Although limited, the implemented sensorization in the prototype ensures that the robot expected operation and basic sensing have been validated first, providing a reliable foundation for the subsequent integration of navigation and interaction capabilities.
Simulation work has been carried out both to define the design solution and to check its feasibility whereas the performance characteristics have been determined with experimental tests also in more demanding situations. Because of that, a comparison between simulation computations and test results was not possible and indeed not useful for a characterization of the prototype performance while the validation of the design model can be considered obtained with respect to the design requirements.
The experimental results from the built prototype identify the problems of the mechanical design for mobility and stability of the proposed guide robot that were attached with modifications as discussed referring to
Figure 8 and
Figure 9. The implementation of a new design configuration improved the robot’s ability to maintain its horizontal orientation during complex maneuvers and facilitated a more efficient action of the front legs, which are equipped with a linear actuator. Experimental validation of the redesigned prototype demonstrated that the robot can overcome obstacles without compromising its stability. In addition, the platform was verified to remain levelled during the process, which is important to protect the electronics and ensure user safety. Wheel slippage was also eliminated, which improved trajectory control during travel.

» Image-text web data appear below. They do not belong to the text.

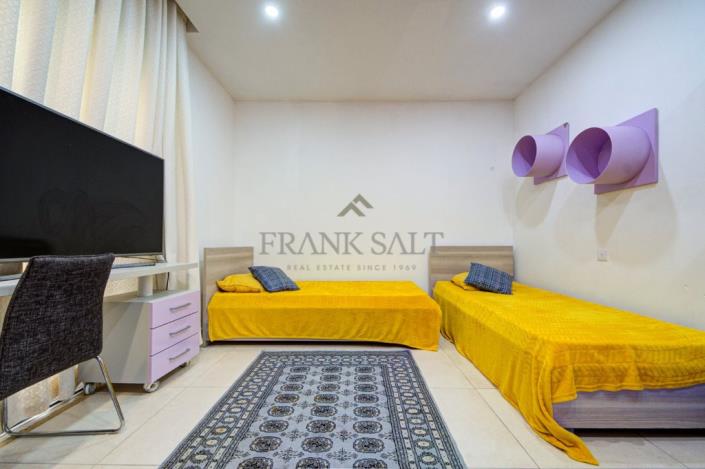 Image No.15-3 Bed Apartment for sale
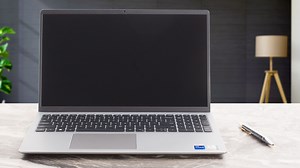 Dell Vostro 15 3530 review - this laptop needs better cooling ASAP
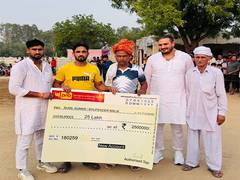 
      
      U Mumba captain Sunil Kumar honours childhood coach
      
      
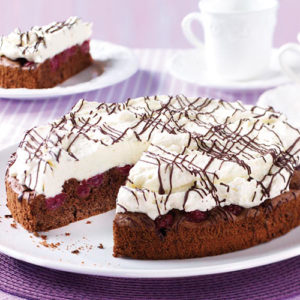 Schokoladen-Kirsch-Kuchen mit Sahnehaube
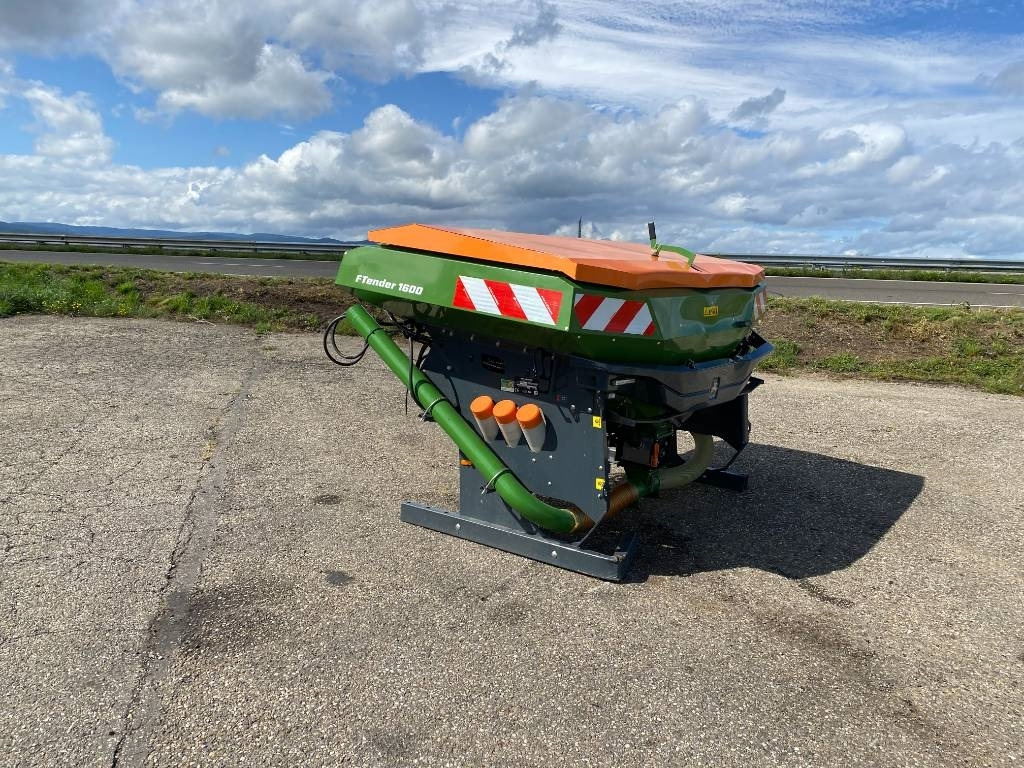 Amazone F-TENDER 1600 Endommagée - Trosilnik gnojila: slika 3 Amazone F-TENDER 1600 Endommagée - Trosilnik gnojila: slika 3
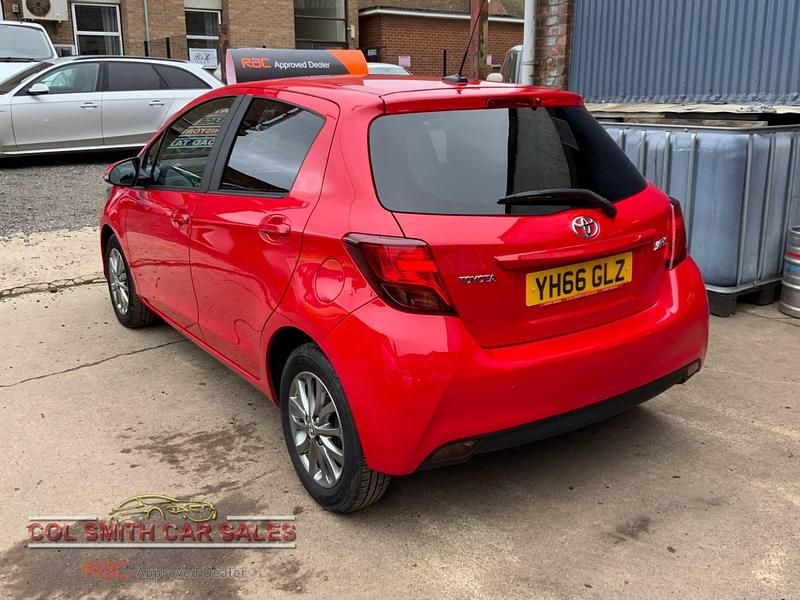 Used Toyota Yaris 99 HP (72 kW) 2016 Red Hatchback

The proposed mobile guide robot can be considered a mobile platform for housing sensorization and human-machine interaction units to provide an intelligent responsive service robot in assistance blind and elderly people with the following features:
The lightweight small design ensures portability also in possibility that users can handle the mobile guide robot for easy transportation. The user-oriented design solution with market components provides low-cost system and low-cost operation and maintenance. The modular design challenges the customized features in selecting and adjusting the on-board equipment as function of the specific needs and capability of a user.
The experimental protocol included repeated straight-line motion tests, turning maneuvers, and obstacle-crossing trials in indoor environments. These trials confirmed the design feasibility of the hybrid locomotion system and highlighted the robot’s ability to reliably overcome steps of up to 30 mm. However, the current evaluation does not cover outdoor surfaces, variable slopes, multiple obstacle heights beyond this threshold, or operation under different payload conditions. These aspects will be addressed in future testing campaigns to provide a broader and more structured validation of performance.
Quantitative experimental evidence is presented with the reported test results to validate the design feasibility of the proposed design as proof-of-concept and to characterize the performance of the prototype with respect to the planned targets in terms of locomotion operation.
Table 6 summarizing the characteristics of the prototype shows a satisfactory demonstration of respect of the requirements in
Table 2 in the proposed solution.
Future developments can be planned in improvements in design and operation aspects as following results of a proper testing of the built prototype on field in home and outdoor environments by potential users with their differentiated characteristics.